Using combinations here, because we have to select the digit from the 5 given digits
Four- digit number must have 4 digits, which means the leftmost digit should not be zero so it can be written in 4 ways, the next digit can be written in 4 ways, the next in 3 ways and the next in 2 ways.
So the number of four digit numbers can be formed using 0, 1, 2, 3, 4 is
 $
\Rightarrow {}^4{C_1} \times {}^4{C_1} \times {}^3{C_1} \times {}^2{C_1} \\
  {}^n{C_r} = \dfrac{{n!}}{{r!\left( {n - r} \right)!}} \\
   = 4 \times 4 \times 3 \times 2 \\
   = 16 \times 6 \\
   = 96 \\
 $
For a number to be divisible by 4, its last two digits must be divisible by 4. The last two digits must be a multiple of 4.
So using the digits 0, 1, 2, 3, 4, the possible multiples of 4 are 04, 40, 12, 20, 24, 32.
When any of the last two digits does not contain zero in it, then the leftmost digit can be written in only 2 ways as it cannot be zero.

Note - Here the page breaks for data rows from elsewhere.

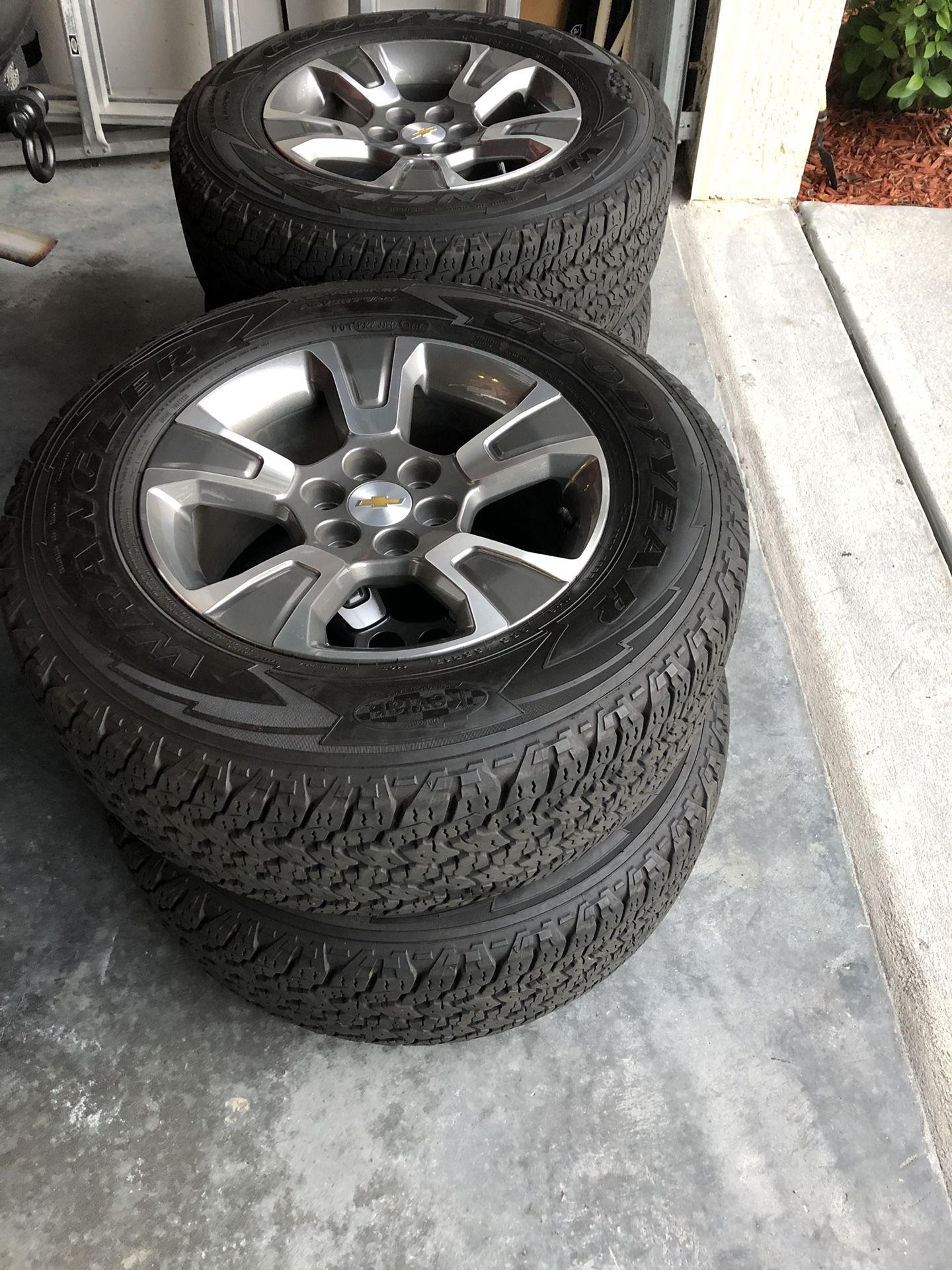 Chevy Colorado wheels 255/65/17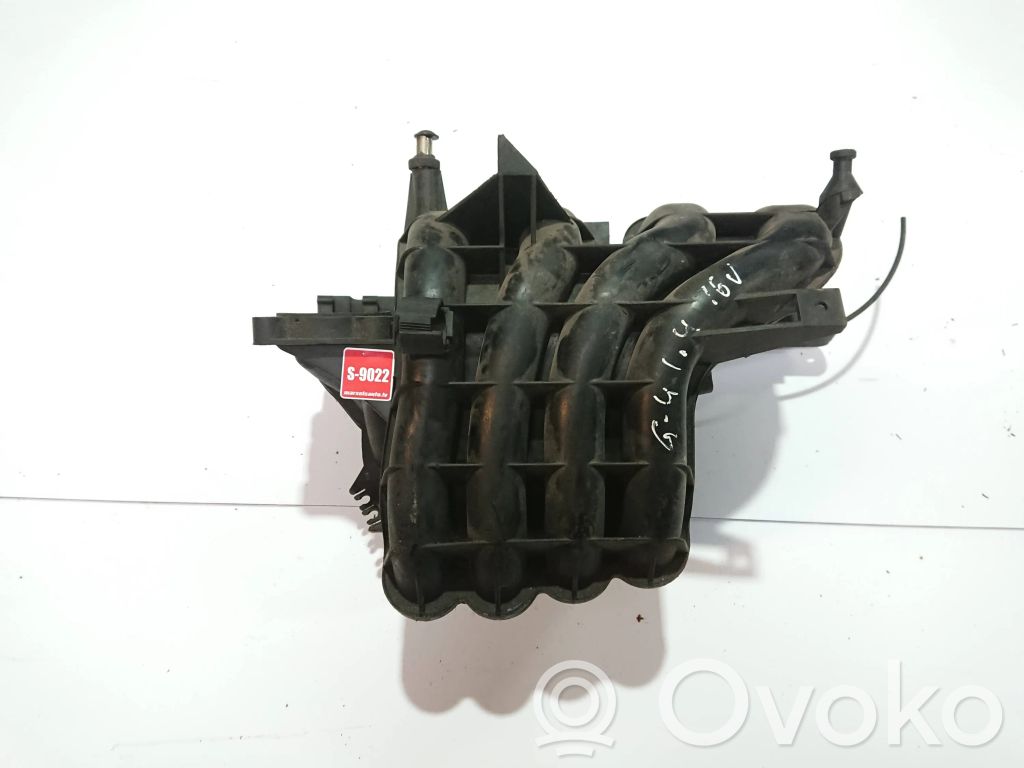Volkswagen Golf IV Intake manifold 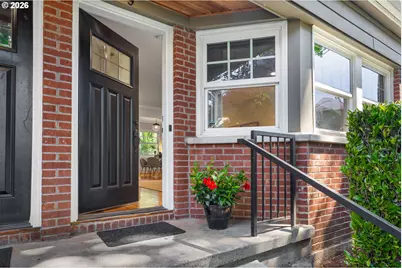 2555 NW Savier St #9, Portland, OR 97210 - Photo 1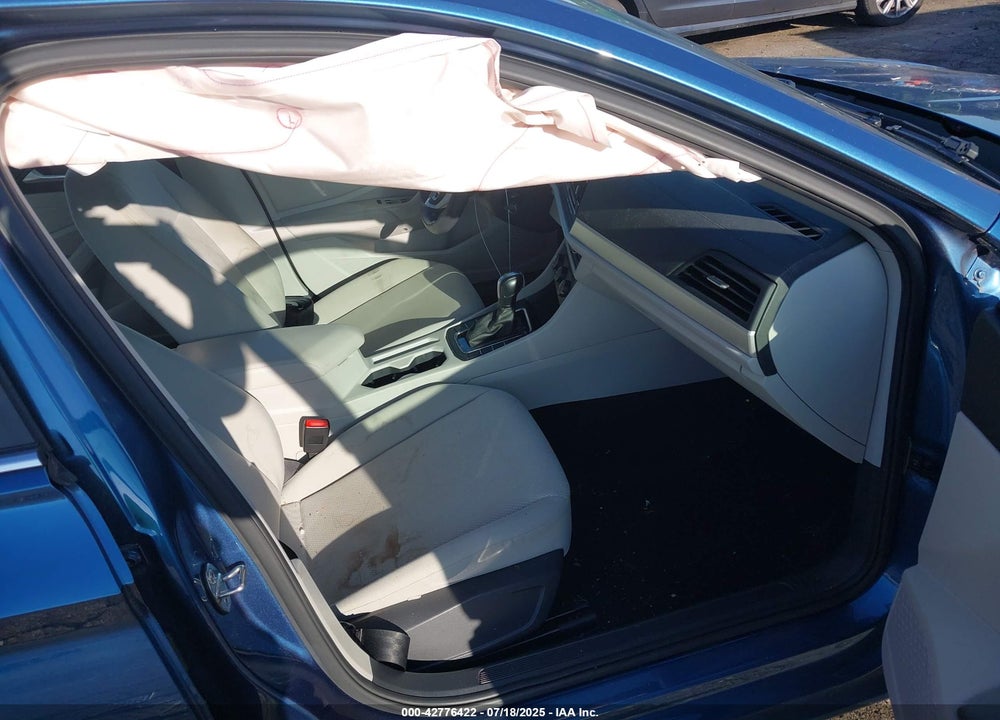 2019 VOLKSWAGEN JETTA 1.4T R-LINE/1.4T S/1.4T SE VIN: 3VWC57BUXKM177644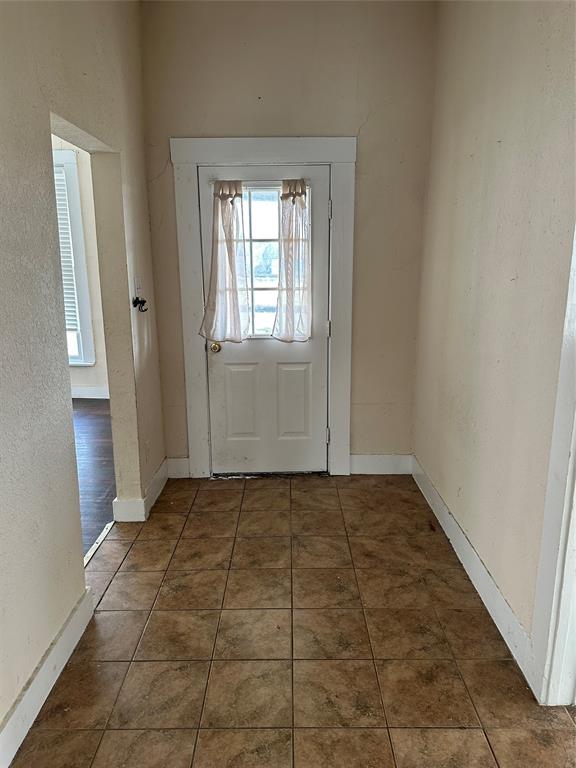 607 Northwest Main Ennis, TX 75119 - Photo 16 of 16 Front door and entry area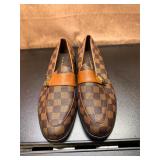 Fashion Louis Vuitton Style Shoes see note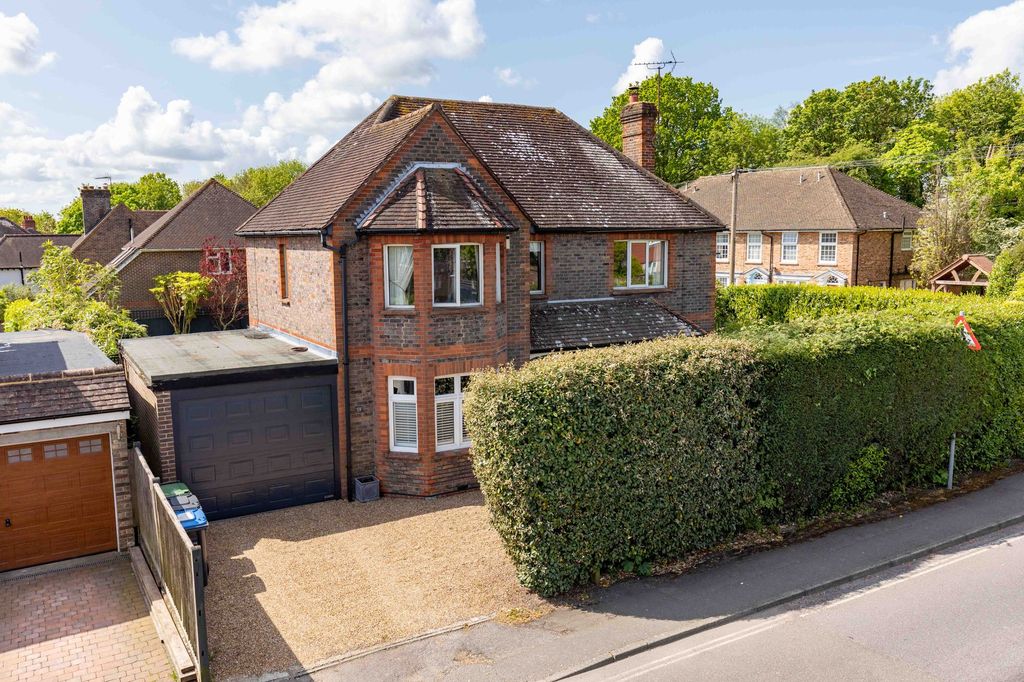 Property photo 1 of 27
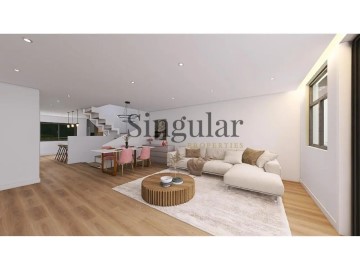 House 4 Bedrooms in Poblenou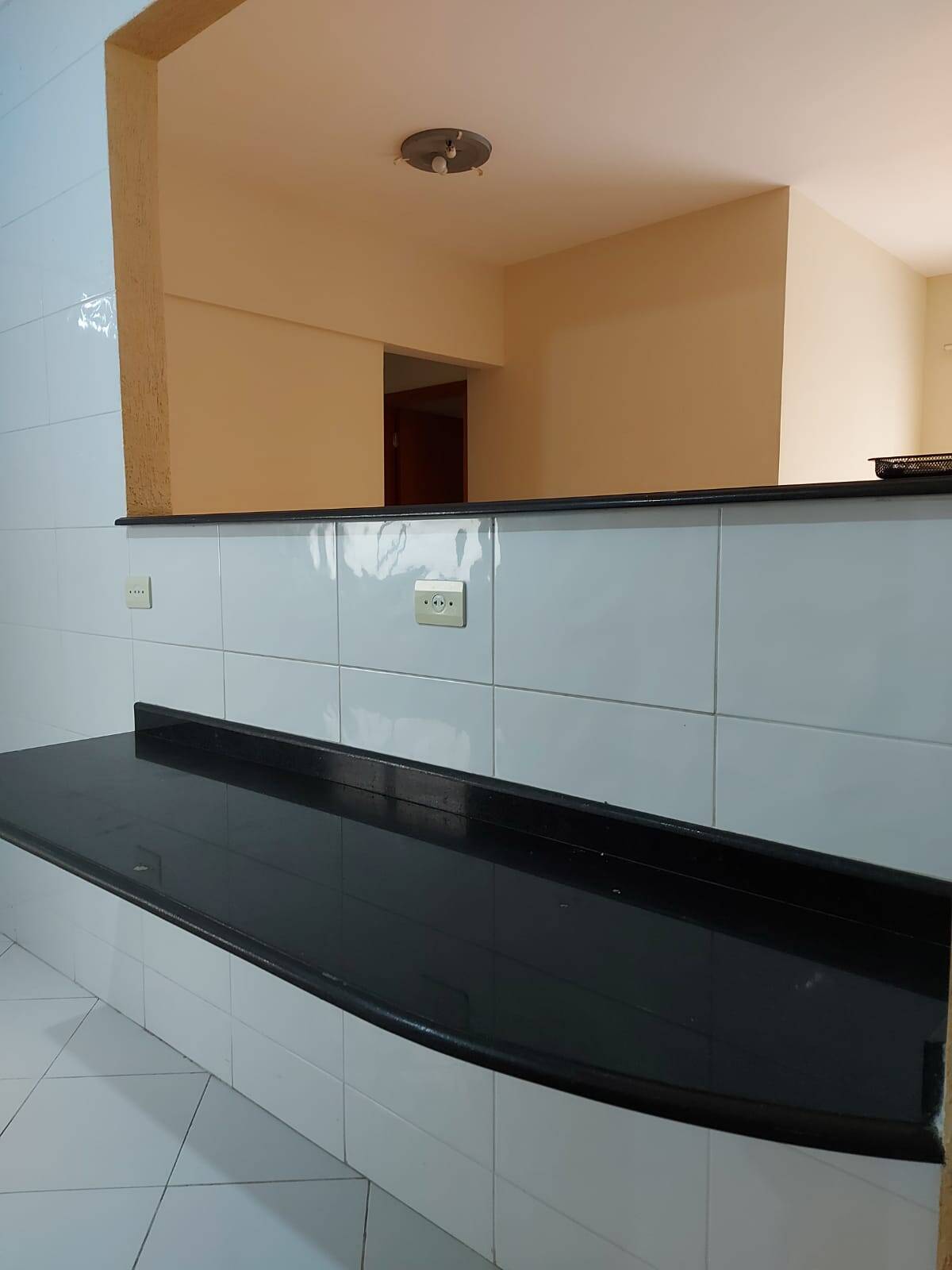 Apartamento à venda com 3 quartos, 83m² - Foto 4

So when the last two digits are 0, 4, then the first two places can be written in
$\Rightarrow {}^3{C_1} \times {}^2{C_1} = 3 \times 2 = 6ways $
When the last two digits are 4, 0, then the first two places can be written in
$\Rightarrow {}^3{C_1} \times {}^2{C_1} = 3 \times 2 = 6ways $
When the last two digits are 1, 2, then the first two places can be written in
$\Rightarrow {}^2{C_1} \times {}^2{C_1} = 2 \times 2 = 4ways $
When the last two digits are 2, 0, then the first two places can be written in
$\Rightarrow {}^3{C_1} \times {}^2{C_1} = 3 \times 2 = 6ways $
When the last two digits are 2, 4, then the first two places can be written in
$\Rightarrow {}^2{C_1} \times {}^2{C_1} = 2 \times 2 = 4ways $
When the last two digits are 3, 2, then the first two places can be written in
$\Rightarrow {}^2{C_1} \times {}^2{C_1} = 2 \times 2 = 4ways $
Total number of four-digit numbers that are divisible by 4 is $ 6 + 6 + 4 + 6 + 4 + 4 = 30 $
The probability that the number is divisible by 4 is $ \dfrac{{30}}{{96}} = \dfrac{5}{{16}} $

So, the correct answer is “Option C”.

Note: Combination is the selection of items from a collection. Use combinations when the order of the items that are selected does not matter and when the order matters use permutations.